Jasy Jatere, which means literally "a little piece of the moon", is unique among his brothers in that he does not have a monstrous appearance. He is usually described as being a small man or perhaps a child, with light blonde hair and sometimes blue eyes. He is fair in appearance, sometimes described as even beautiful or enchanting, and carries with him a magical wand or staff, sometimes described as a golden cane, although what clothing he wears, if any at all, does not seem to be an important part of the legend. Like most of his brothers he dwells in the wild, he is considered to be the protector of the yerba mate plant.
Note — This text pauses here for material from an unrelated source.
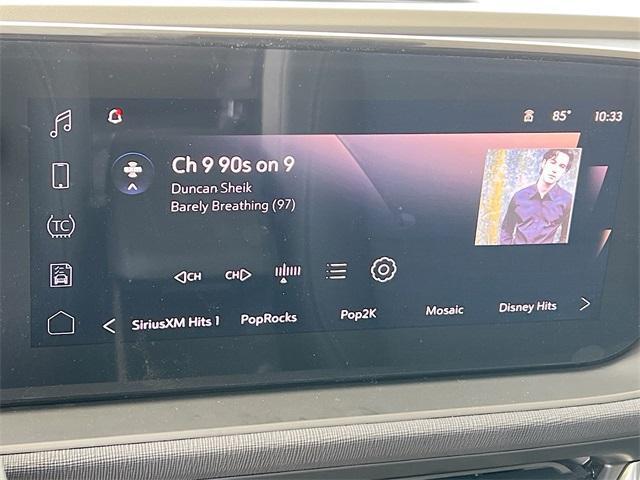 new 2025 Buick Envista car, priced at $24,374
Sometimes he is also viewed as a protector of hidden treasures.

=== Relations with children ===
Jasy Jatere is also considered to be the lord of the siesta, the traditional mid-day nap taken in many Latin American cultures. According to one widespread version of the myth, Jasy Jatere leaves the forest and wanders the villages looking for children who are not napping during their siesta. Although he is generally invisible, it is said that he shows himself to the children he finds not napping, and that any who look upon his staff fall into a trance. He may even lure them into the forest with a distinct whistle.
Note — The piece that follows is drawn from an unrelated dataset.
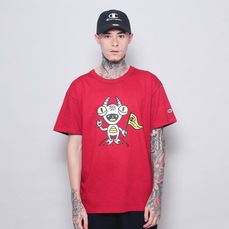 Camiseta Masculina Champion We Are Not Alone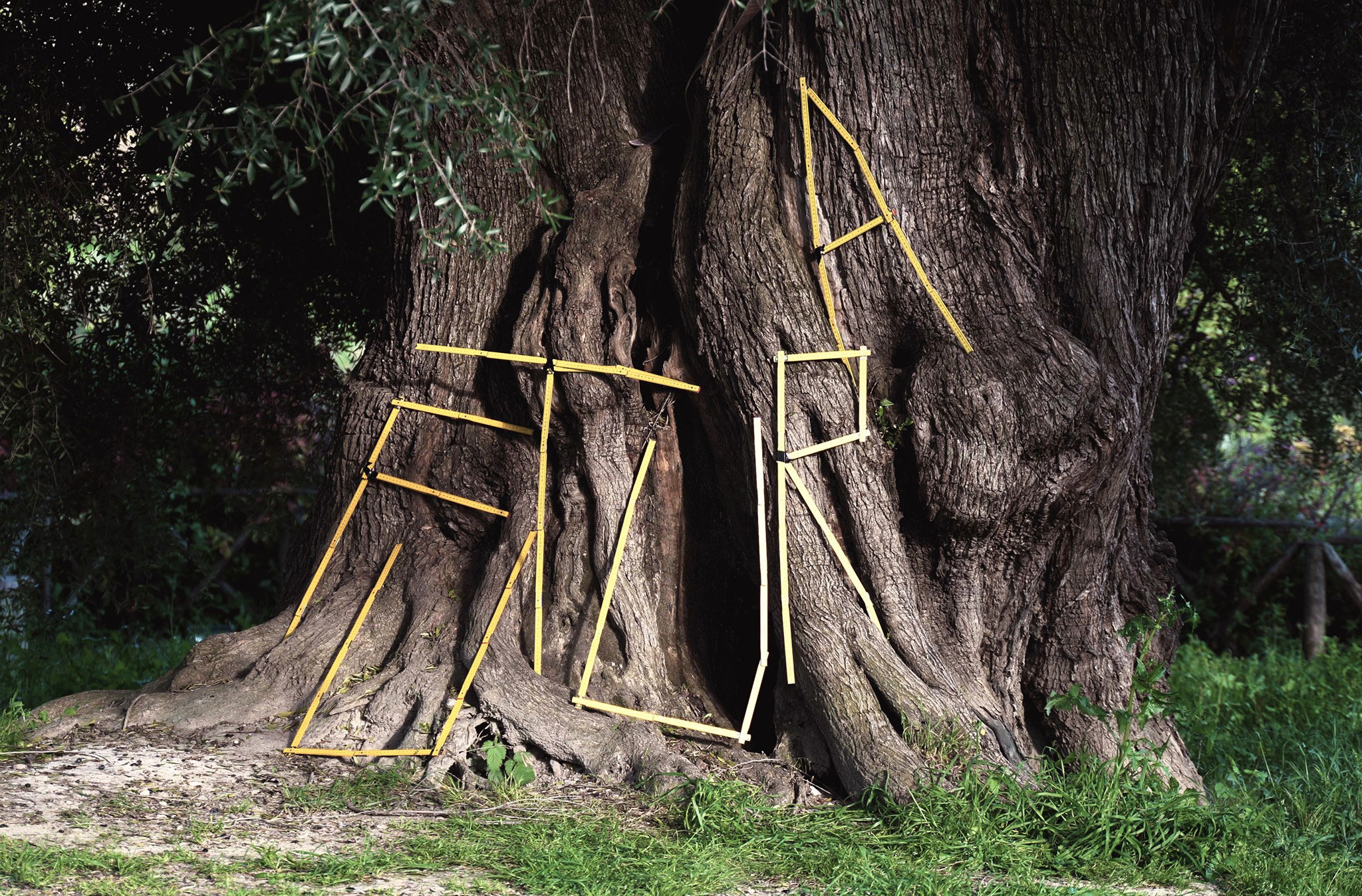 FUTURA, installazione con scritta di sei metri di legno, 4 foto su carta Hahnemülhe, 100x80 cm, 2021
What happens to such entranced children differs depending upon which version of the story is told. Many Guaraní myths have multiple versions because there existed no written version of the language, and all myths have survived as word of mouth tales only. In the fairer version of the tale, Jasy Jatere is considered a friend of such disobedient children, taking them into hidden places in the forest to play and feeding them with honey and fruit. At the end of the siesta, when all are weary from the play, Jasy Jatere gives them a magical kiss to send them back home with no memory.
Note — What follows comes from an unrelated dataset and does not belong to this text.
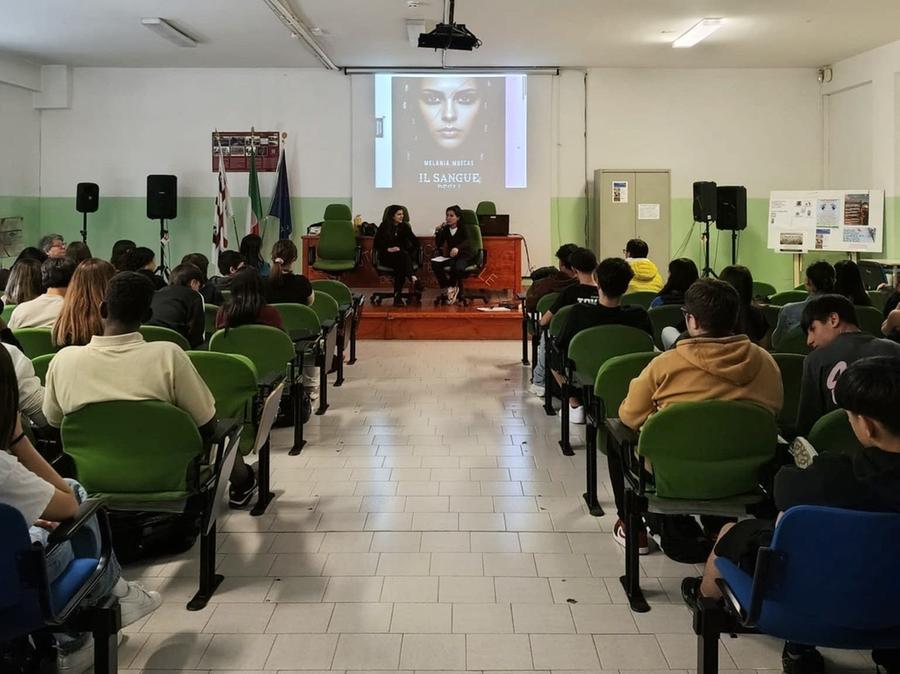Decimomannu, Melania Muscas incanta gli studenti con «Il sangue degli immortali»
Most versions of the story are back to a cave where he puts out their eyes and imprisons them for an untold amount of time, sustaining them with wild fruits and berries until they become feral like animals. Still more gruesome tales say that the children are brought back to his brother Ao Ao, a cannibalistic creature who feeds upon their flesh. These versions of the myth are told in a similar vein to the Bogeyman, designed to frighten children into being obedient and taking a nap during their siesta. Paraguayan parents are known to warn their children not to wander off alone during siesta to prevent being kidnapped by Jasy Jatere.

It is said that Jasy Jatere's power stems from the magical staff that he carries, and if one is able to take it from him, he breaks down and cries like a little child. In this state, one may ask him for the treasures that he is protecting in return for the staff, not unlike a captured leprechaun who must reward his captor with a pot of gold.